The presence of the members of Bread and Puppet in the PAB is startling. They’re easily mistaken for a group of rambunctious students. When asked how they were moving the puppets and set around on their tour, they answered, “We have a truck and a car — one for the puppets and one for us.” They asked me where they might be able to borrow some tents.
This ensemble of six came from Glover, Vermont, where Bread and Puppet made a theatre home base and farm in 1975. They are on a west coast tour while other members of the group hold down the farm. The farm has hosted chickens, a cow, a sheep, some pigs, some puppeteers, many puppet animals, and volunteer apprentices in the summer. They have a large natural amphitheater, a print shop where they print their own zines and stories with woodcut blocks, and a museum storing five decades of puppets, masks, drawings, sets, and all sorts of ‘cheap art.’ These works draw from their long and continued history as political theater makers.
Their politics have led them to international acclaim and police opposition. During the 2000 Republican National Convention in Philadelphia, members of Bread and Puppet were among seventy-nine people to be arrested by a SWAT team in a warehouse where they were crafting and keeping their puppets. The event was covered by the Associated Press, which years later revealed that there "was tense talk of terrorist plots being hatched in the 'puppetista' headquarters, of bomb building and anarchist-fueled mayhem." Linda Elbow, company manager for Bread & Puppet, is quoted saying, "the cops went into the studio. . . arrested people, and took the puppets. So, now, puppets are criminals."

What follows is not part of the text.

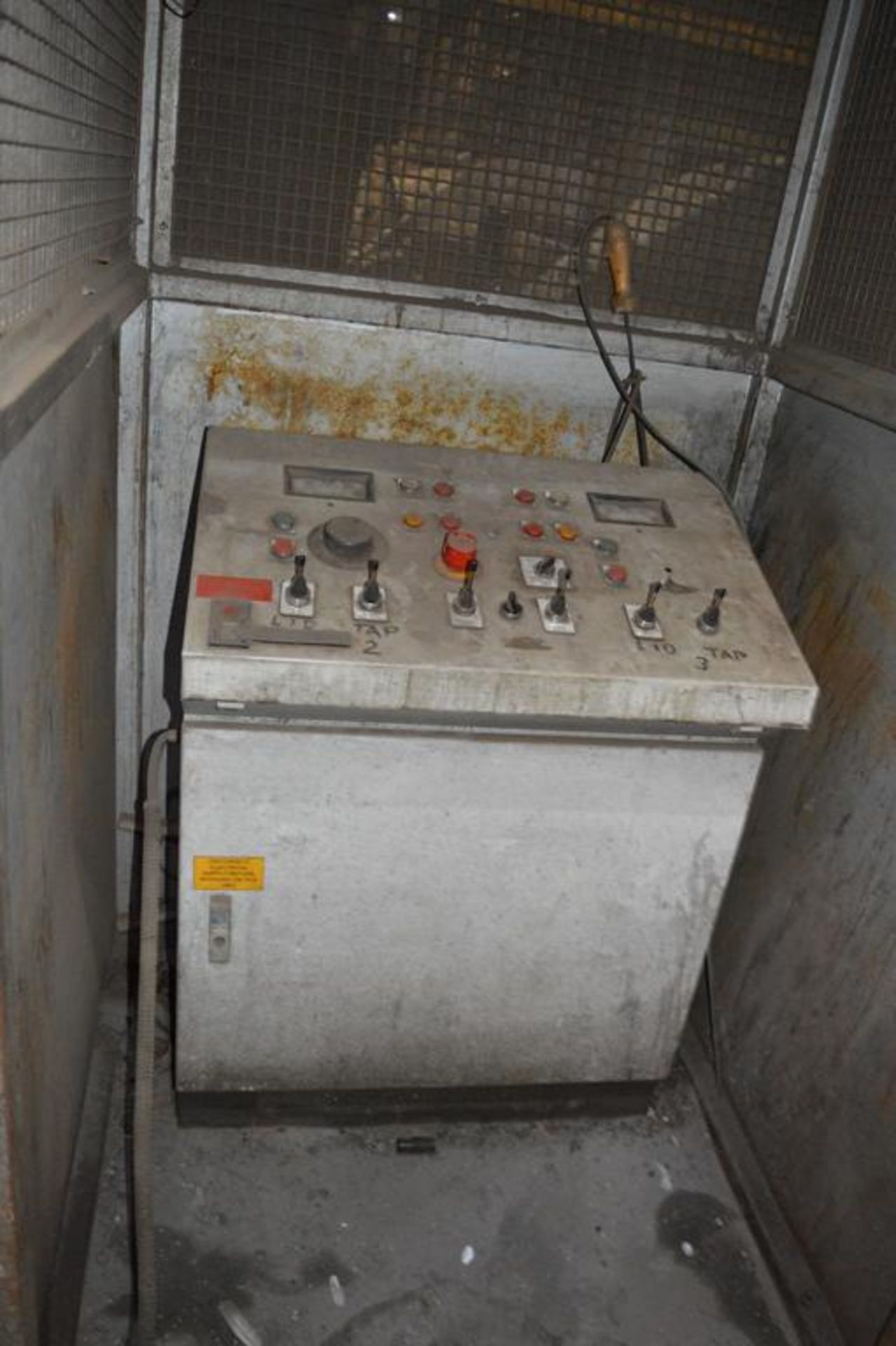 Furnace System comprising three inductotherm medium frequncy melting Furnaces: - Image 19 of 25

They don’t wholly dispute the claims. In a self-published zine titled The Radicality of Puppet Theater, Peter Schumann writes that puppetry “is also, by definition of its most persuasive characteristics, an anarchic art, subversive and untamable by nature, an art which is easier researched in police records than in theater chronicles, an art which by fate and spirit does not aspire to represent governments or civilizations, but prefers its own secret and demeaning stature in society, representing, more or less, the demons of that society and definitely not its institutions.” The Bread and Puppet theatre is a non-profit that retains autonomy by receiving no government funding and no corporate sponsorship.
Some of the customs Bread and Puppet has picked up by performing in protests, parades, and prisons seem out of place in our still-new PAB. They greet the audience with the Bread and Puppet Brass Band and the entire ensemble plays instruments learned from their time as volunteer apprentices on the Vermont farm. They perform a small cantastoria (a short story that is told and sung while gesturing to images) while the audience waits in line to go into the theater, switching the usual dynamic of the audience waiting for the performers to be ready. Most notable is the bread that they’ve baked and distributed for fifty years, their signature gift and their way of creating community among themselves and their audiences.

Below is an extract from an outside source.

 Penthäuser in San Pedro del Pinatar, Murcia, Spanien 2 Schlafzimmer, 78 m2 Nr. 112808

After their first of three shows at Reed, when asked why these ensemble members wanted to be part of Bread and Puppet, one member said this:
“One doesn't know exactly what one accomplishes when doing this kind of art or engaging with any activist work that is artistic. . . but there is still a call to do it because it's what you can do and you don’t know what the world would be like if you didn’t. . . but I suspect it would be bleaker."